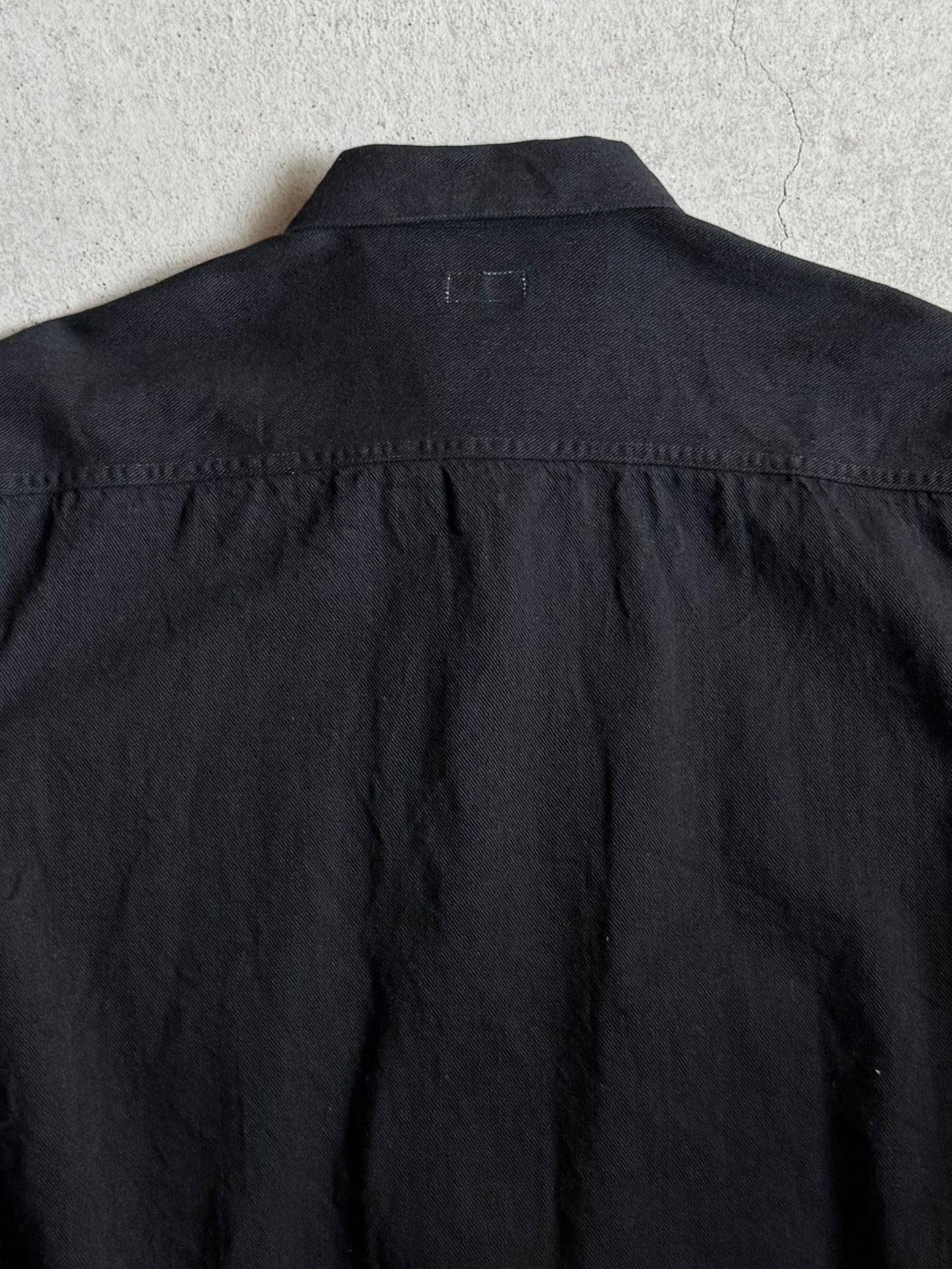 25AW BAUTH - BLACK TWILL BLOUSON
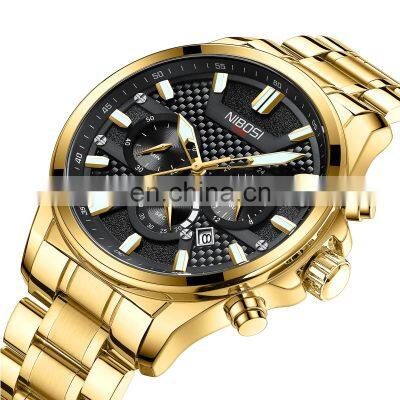 NIBOSI Men Watches Luxury Famous Top Brand Men's Fashion Casual Dress Watch Quartz Wristwatches Relogio Masculino Customizable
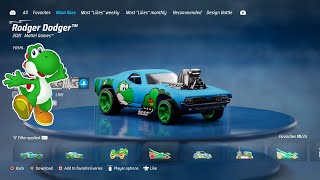 Yoshi custom liveries on Hot Wheels Unleashed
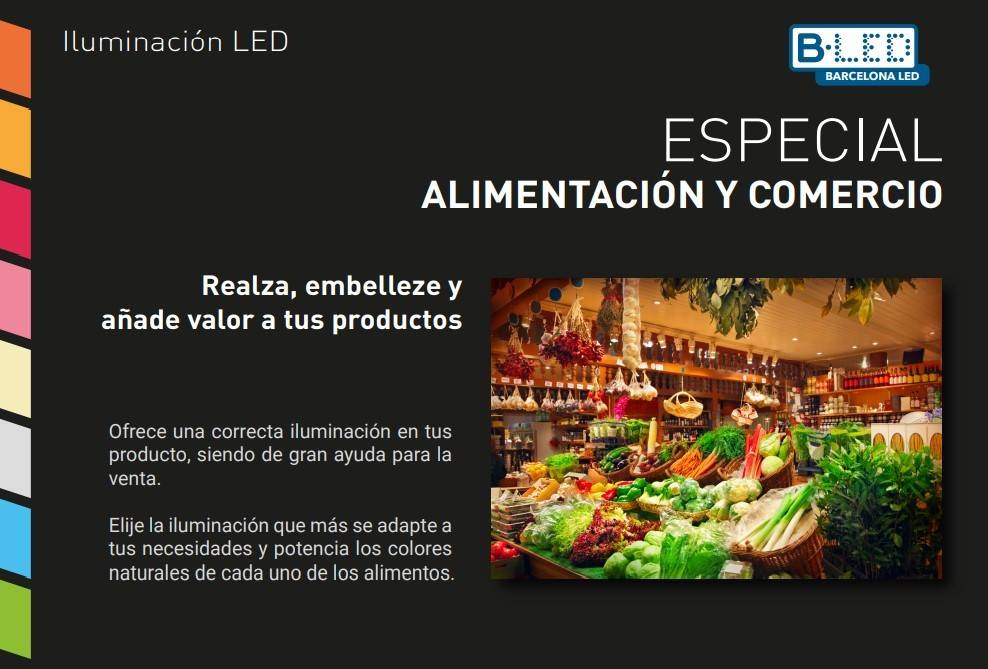 Campana LED 30W especial para panaderías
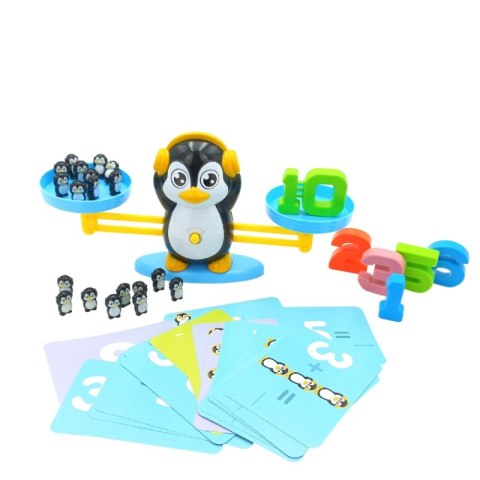 WOOPIE Waga Równoważnia Szalkowa Nauka Liczenia Pingwin 10 szt. WOOPIE Waga Równoważnia Szalkowa Nauka Liczenia Pingwin 10 szt.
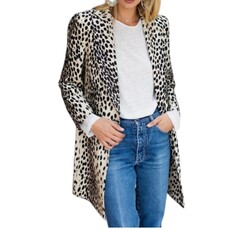 Emerson Fry Bowery Coat - Leopard Linen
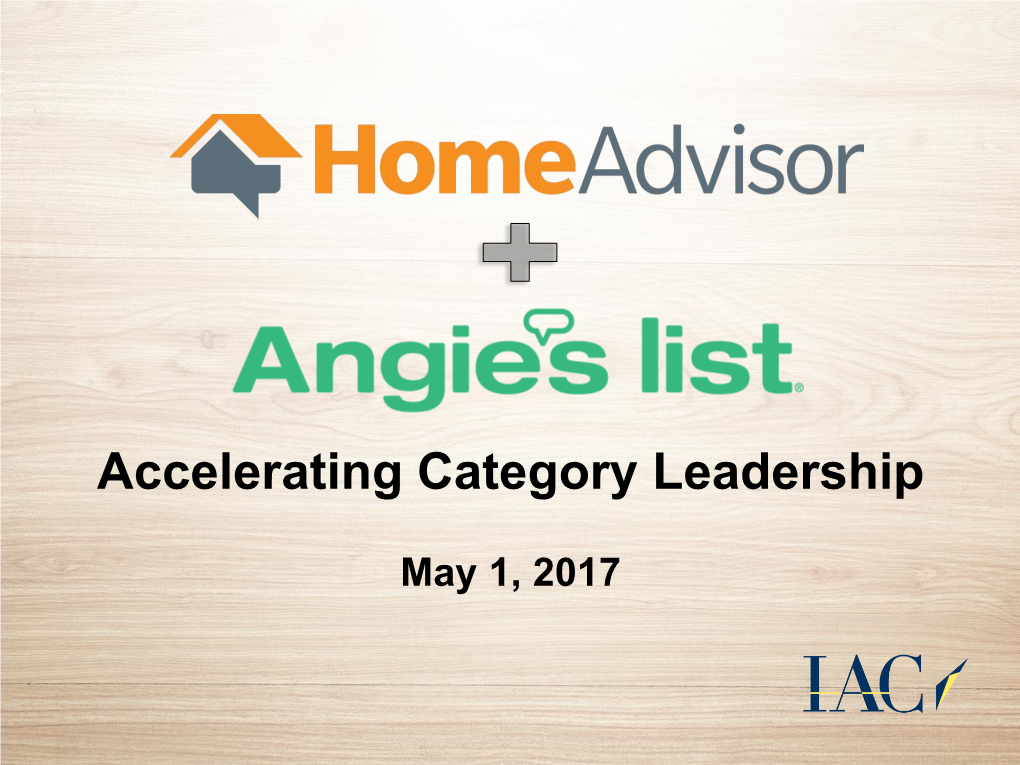 IAC's Home Advisor to Combine with Angie's List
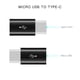 thumbnail image 3 of Inteprter Convertidor de adaptador Micro USB a tipo C, hembra a macho, datos prácticos, carga rápida, reemplazo de viaje para Note 8 S8 Teléfono y Comunicación, 3 of 6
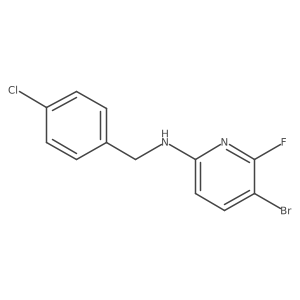 (5-Bromo-6-fluoro-pyridin-2-yl)-(4-chloro-benzyl)-amine结构式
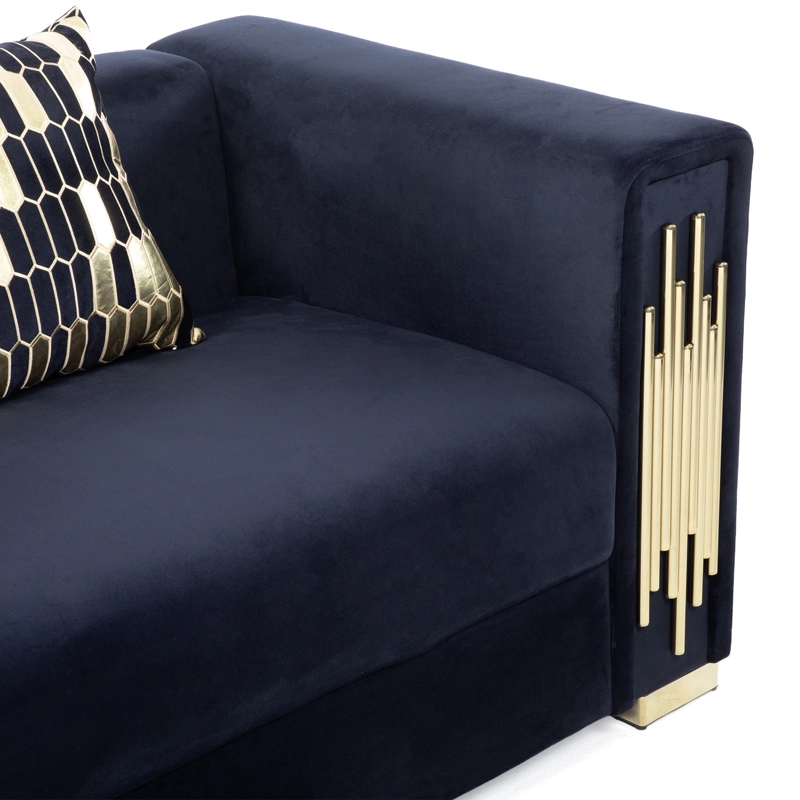 SOFA ELEGANTE 3 CUERPO MODERNO NEGRO SPENCER - 8
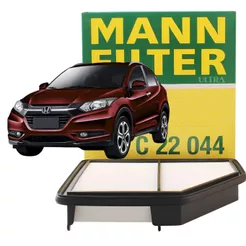Filtro Ar Honda HRV - 2015 a 2021 - 1.8 / 1.5 16V - EX LX EXL TOURING (Mann C22044)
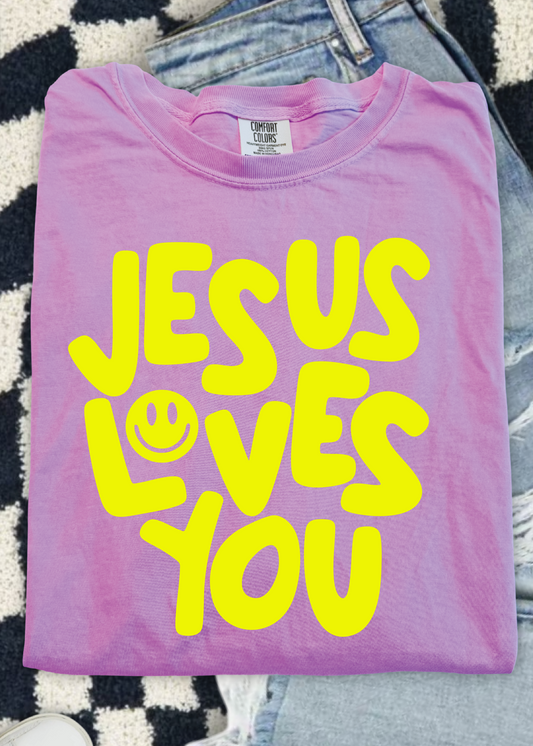 JESUS LOVES YOU COMFORT COLOR TEE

-*-

#### EXERCISE OBJECTIVE:
The lines to repeat run from the line containing "NIBOSI Men Watches" through the end of the listing above, both included; give them exactly and without pictures.

#### SOLUTION TO THIS TASK:
 NIBOSI Men Watches Luxury Famous Top Brand Men's Fashion Casual Dress Watch Quartz Wristwatches Relogio Masculino Customizable
 Yoshi custom liveries on Hot Wheels Unleashed
 Campana LED 30W especial para panaderías
 WOOPIE Waga Równoważnia Szalkowa Nauka Liczenia Pingwin 10 szt. WOOPIE Waga Równoważnia Szalkowa Nauka Liczenia Pingwin 10 szt.
 Emerson Fry Bowery Coat - Leopard Linen
 IAC's Home Advisor to Combine with Angie's List
 thumbnail image 3 of Inteprter Convertidor de adaptador Micro USB a tipo C, hembra a macho, datos prácticos, carga rápida, reemplazo de viaje para Note 8 S8 Teléfono y Comunicación, 3 of 6
 (5-Bromo-6-fluoro-pyridin-2-yl)-(4-chloro-benzyl)-amine结构式
 SOFA ELEGANTE 3 CUERPO MODERNO NEGRO SPENCER - 8
Filtro Ar Honda HRV - 2015 a 2021 - 1.8 / 1.5 16V - EX LX EXL TOURING (Mann C22044)
 JESUS LOVES YOU COMFORT COLOR TEE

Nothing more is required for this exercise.